# [PROBLEM TO WORK ON]
Reproduce only what runs from the line containing "image for item" to the line containing "Cots/infant beds, rollaway beds, free WiFi" in the records below, inclusive. Keep it exact, and keep the pictures out.

──────── WORKING DATA ────────

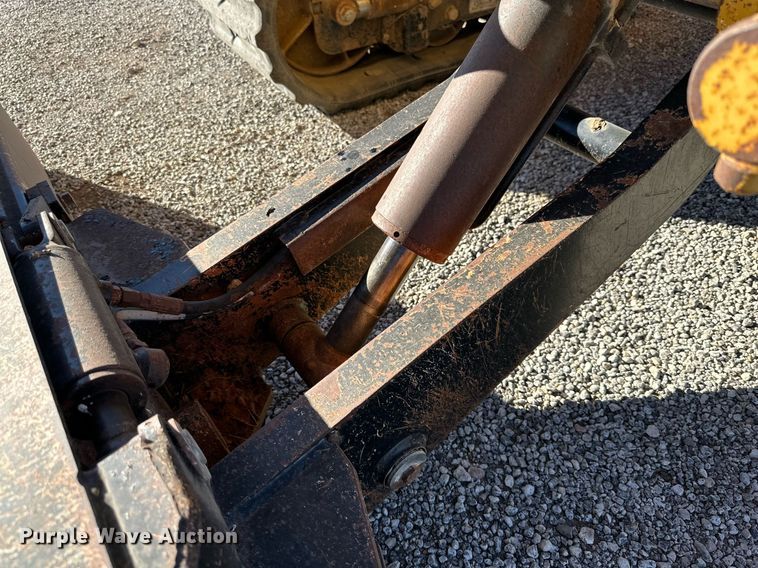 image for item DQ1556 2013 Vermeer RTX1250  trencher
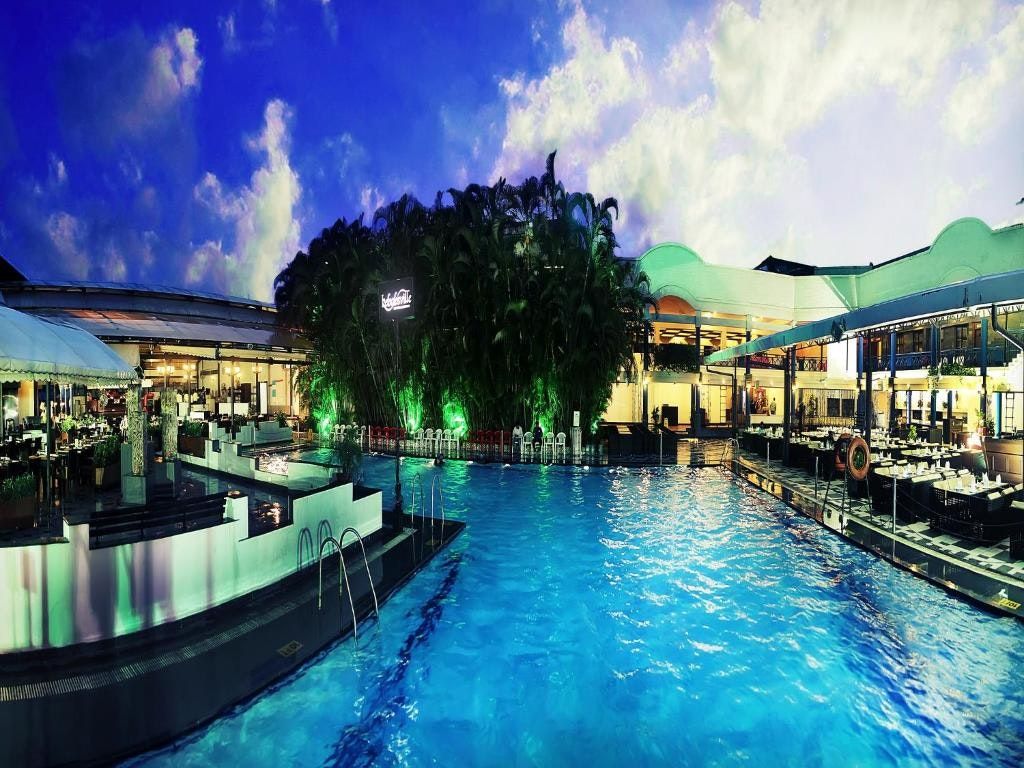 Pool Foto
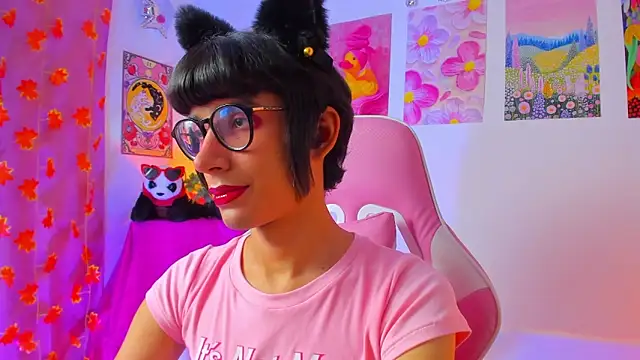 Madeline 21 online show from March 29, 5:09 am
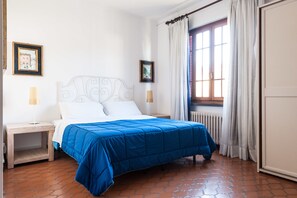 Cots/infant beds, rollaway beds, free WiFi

────────
──────── WORKING DATA ────────

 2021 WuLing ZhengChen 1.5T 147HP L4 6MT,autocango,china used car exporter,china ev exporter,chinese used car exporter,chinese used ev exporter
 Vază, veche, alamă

────────

# [TASK RESPONSE]
 image for item DQ1556 2013 Vermeer RTX1250  trencher
 Pool Foto
 Madeline 21 online show from March 29, 5:09 am
 Cots/infant beds, rollaway beds, free WiFi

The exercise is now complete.